Funny tho, Yes you can discard any crap with bad validation accuracy... if only there were some way to predict that without having to train and validate it ... :0
@@pladselsker8340 Nope, 'score' is what is determined by eqn (2) for an untrained network, while validation accuracy is for a trained network. Before training, one could calculate 'score' for each network, and they would look like dots plotted on a vertical line. Then, discard all networks below a certain score -- by drawing a horizontal line that cuts this vertical line -- and only train the networks that lie above it.
These long videos are really growing on me. Not just introducing me to papers that I am not familiar with, but also the additional insight of your perspectives. Thank you.
Thank you so much, you save 10s of thousands of people hours of work. The impact of your work is immense even if you don't get hundreds of thousands of views. Please never stop, you're amazing!
It is basically an "anti-lottery ticket hypothesis". . 33:00 For the RL based search models, I think we would still need some negative samples. Otherwise the RL model would keep suggesting bad models for the sake of exploration. . Nice paper, easy to implement. Will definitely use this trick.
If it's true, then pre filtering (or rejection sampling) based up on these avg score is a cheap speedup tool for any neural architecture search algorithm too.
Great video! Thanks for you personal interpretation too---helps think things through. I would argue though that the interpretation of the pytorchcv at (25:40) is wrong (admittedly, I don't know if its your interpretation or the authors since they seemed to have removed this part from their most recent version). But it looks like they're showing that their metric scores methods that we know do well high. That is, architectures that have been found by humans to preform well achieve a high NASWOT score (or whatever they call it).
I think that a lot of the lack of performance compared to other techniques can be explained by the way the NAS-Bench-201 benchmark is constructed: We only have 15,625 different architectures: enough for the sample efficient "train until you're done" NAS systems, but searching without training may just need significantly different architectures. This would also explain why the more complex tasks the metric "spreads out": There just isn't enough ways the NAS-201 networks differ to make a meaningful difference that can be observed just by looking at the initial state. Maybe one could combine this approach with something like NEAT to generate a population of architectures and score them pretty much instantly using this. This would allow the system to get away from the "resnet-likes" that make up the NAS-BENCH.
I wonder if this scoring could be improved simply by exchanging regular correlation with distance correlation, since that will also capture non-linearities. It might make a difference in particular in those networks where currently the score no longer tells you much.
The role of nonlinear function in a neural network can be treated as the if...else statement in a traditional programming language. the LSTM, GRU, Attention also can be treated as the same way, they provide switch control capability.

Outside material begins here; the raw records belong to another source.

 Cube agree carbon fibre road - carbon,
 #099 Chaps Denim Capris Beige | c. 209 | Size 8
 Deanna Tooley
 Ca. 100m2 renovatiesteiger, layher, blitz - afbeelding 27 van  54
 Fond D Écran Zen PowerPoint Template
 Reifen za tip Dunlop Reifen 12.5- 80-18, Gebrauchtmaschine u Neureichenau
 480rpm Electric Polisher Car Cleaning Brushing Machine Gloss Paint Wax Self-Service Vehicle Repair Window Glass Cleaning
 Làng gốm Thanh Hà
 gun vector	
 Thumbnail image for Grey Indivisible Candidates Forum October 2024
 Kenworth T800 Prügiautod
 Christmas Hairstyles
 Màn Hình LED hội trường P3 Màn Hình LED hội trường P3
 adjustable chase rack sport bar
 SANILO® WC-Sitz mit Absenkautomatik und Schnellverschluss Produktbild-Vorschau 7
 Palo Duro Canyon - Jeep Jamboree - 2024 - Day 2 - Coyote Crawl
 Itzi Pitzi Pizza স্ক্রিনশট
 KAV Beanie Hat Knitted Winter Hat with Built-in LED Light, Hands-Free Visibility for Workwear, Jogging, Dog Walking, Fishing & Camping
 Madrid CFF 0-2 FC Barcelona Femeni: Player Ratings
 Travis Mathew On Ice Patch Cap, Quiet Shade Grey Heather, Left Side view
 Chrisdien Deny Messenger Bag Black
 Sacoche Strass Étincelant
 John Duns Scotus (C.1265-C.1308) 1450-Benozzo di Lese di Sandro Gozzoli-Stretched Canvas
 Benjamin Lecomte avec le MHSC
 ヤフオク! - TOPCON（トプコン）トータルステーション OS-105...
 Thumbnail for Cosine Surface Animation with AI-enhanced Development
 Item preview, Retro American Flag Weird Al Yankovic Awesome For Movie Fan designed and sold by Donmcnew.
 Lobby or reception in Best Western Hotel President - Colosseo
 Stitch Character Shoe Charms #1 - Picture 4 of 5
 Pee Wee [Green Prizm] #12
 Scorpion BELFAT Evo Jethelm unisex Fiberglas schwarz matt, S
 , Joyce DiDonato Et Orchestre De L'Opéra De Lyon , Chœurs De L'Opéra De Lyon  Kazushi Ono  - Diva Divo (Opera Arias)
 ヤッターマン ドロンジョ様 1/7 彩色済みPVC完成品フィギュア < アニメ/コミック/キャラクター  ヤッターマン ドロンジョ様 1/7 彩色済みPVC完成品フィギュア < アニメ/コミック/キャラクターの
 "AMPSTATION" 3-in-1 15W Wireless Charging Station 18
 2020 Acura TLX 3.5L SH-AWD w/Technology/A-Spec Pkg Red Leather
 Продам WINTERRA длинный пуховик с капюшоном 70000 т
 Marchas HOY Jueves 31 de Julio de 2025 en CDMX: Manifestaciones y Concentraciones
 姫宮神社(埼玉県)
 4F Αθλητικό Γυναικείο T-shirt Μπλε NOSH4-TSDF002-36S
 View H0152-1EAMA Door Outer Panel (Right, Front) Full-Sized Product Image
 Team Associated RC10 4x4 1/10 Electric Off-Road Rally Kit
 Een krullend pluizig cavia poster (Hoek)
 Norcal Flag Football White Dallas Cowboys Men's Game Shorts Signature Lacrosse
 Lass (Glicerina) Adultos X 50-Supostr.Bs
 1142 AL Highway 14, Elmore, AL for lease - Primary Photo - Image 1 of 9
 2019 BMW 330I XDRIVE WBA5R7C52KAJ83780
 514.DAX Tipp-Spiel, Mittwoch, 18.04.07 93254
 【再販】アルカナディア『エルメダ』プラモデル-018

Unrelated dumb comment but that annotated NAS-Bench-201 diagram at 19:52 roughly looks like map of Switzerland. Though yeah I am doing research on network compressions and this is a really cool idea, would like to see more studies between these parameters, scores and inference speed so that we can also optimize NAS to get the "smallest" or whatsoever that results to the best inference speed in embedded systems while still giving reasonably good accuracy value.
You have a misunderstanding on #21:42 about axes. Covariation score is on a vertical axe, and validation accuracy (after training) - is horizontal axe. So, if you wish to use described method to filter "bad" architectures in a fast way, you should cut by Score (draw horizontal line on some threshold level), instead of drawing vertical line at #22:21 That actually means, this method is even more far from being precise by itself...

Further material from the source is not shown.